I'm not sure which one would be more efficient, so let's compare both of them:

1. Solution with iteration through dicts:

  • we parse all keys of dict1: for k,v in dict1.iteritems() -> O(n)
  • then we check whether the key is in dict2, if k in dict2 and dict2[k] == v -> O(m)

which makes it a global worst case complexity of O(n+m) -> O(n)

2. Solution with sets:

if we assume that converting a dict into a set is O(n):

  • we parse all items of d1 to create the first set set(d1.iteritems()) -> O(n)
  • we parse all items of d2 to create the second set set(d2.iteritems()) -> O(m)
  • we get the intersetion of both which is O(min(len(s), len(t)) on average or O(n * m) in worst case

which makes it a global worst case complexity of O(2n*n*m) which can be considered as O(n^3) for same sized dicts: then solution 1. is best

if we assume that converting a dict into a set is O(1) (constant time)

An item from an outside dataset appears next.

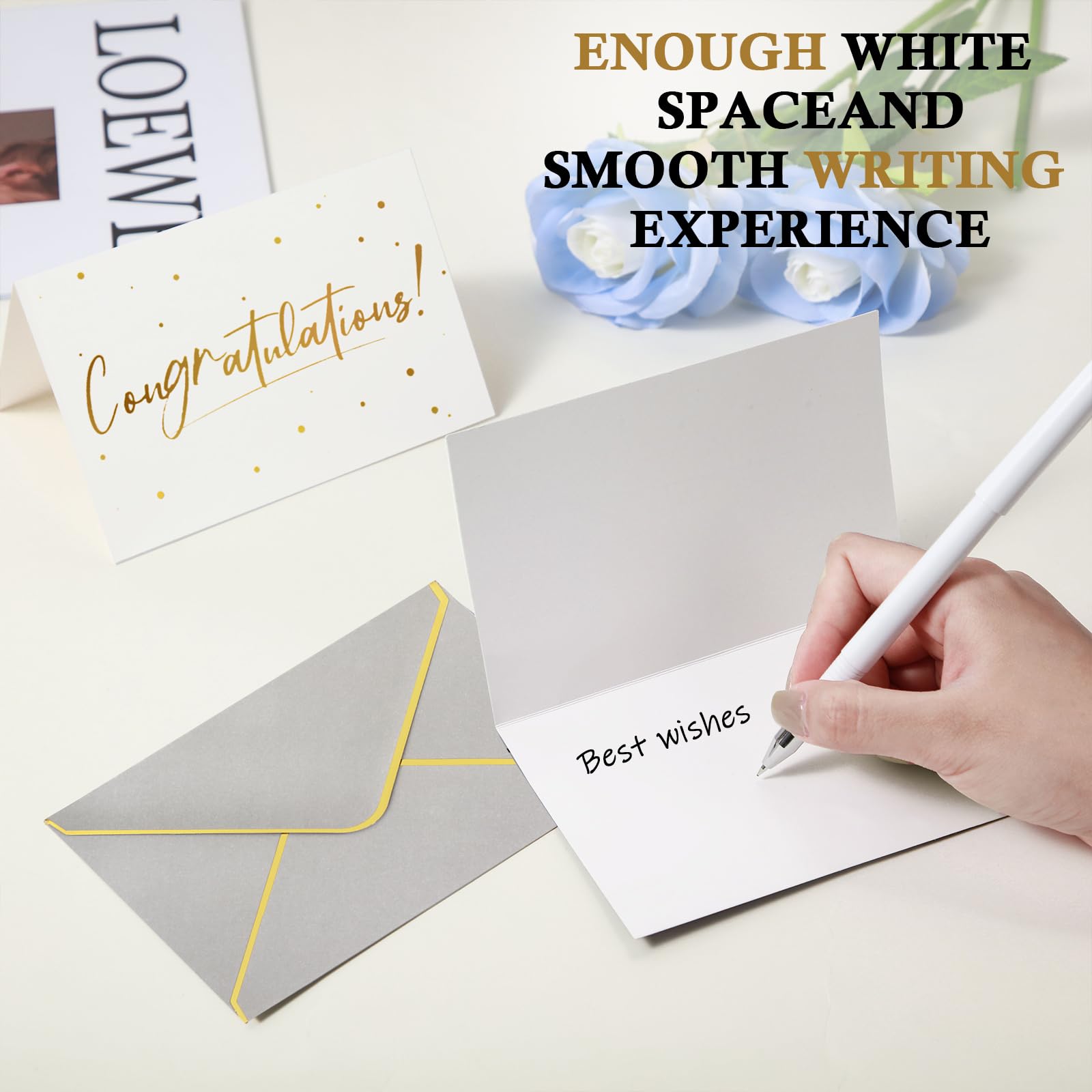 Paquete de 100 tarjetas de felicitación con sobres, tarjetas de felicitación, tarjetas de graduación, tarjetas de compromiso, tarjetas de felicitación de bebé, para negocios, baby shower, boda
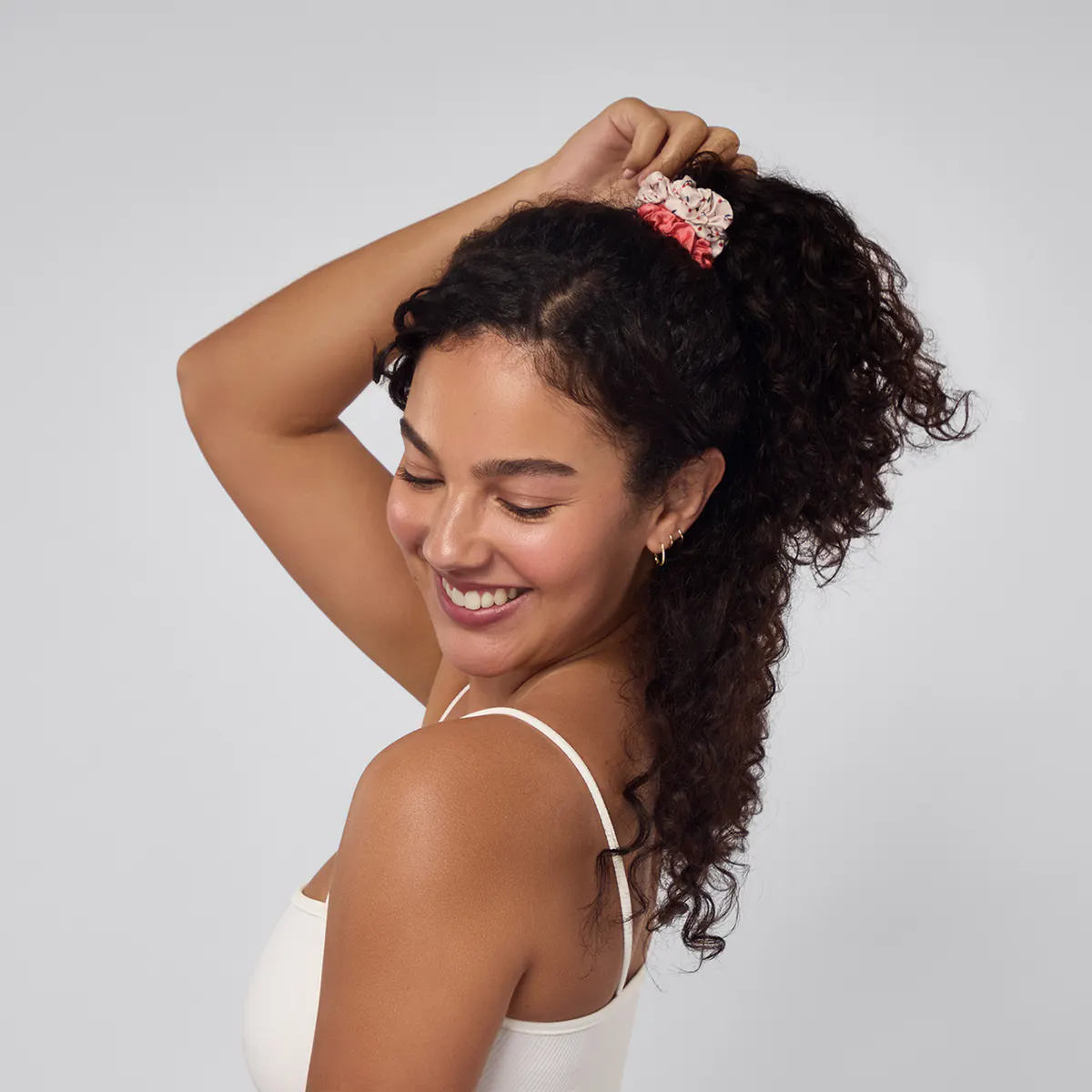 Kitsch Ruched Satin Scrunchies 5pc Set - Assorted Cherry Blossom, view 4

the average is O(min(n,m)) and the worst case is O(n*m), then solution #1 is best on worst case scenario, but solution #2 is best on average case scenario because O(n+m) > O(min(n,m)).

In conclusion, the solution you choose will depend on your dataset and the measurements you'll make! ;-)

N.B.: I took there the complexity of the set().

N.B.2: for the solution #1 make always the smallest dict as dict2 and for solution #2 the smallest dict as dict1.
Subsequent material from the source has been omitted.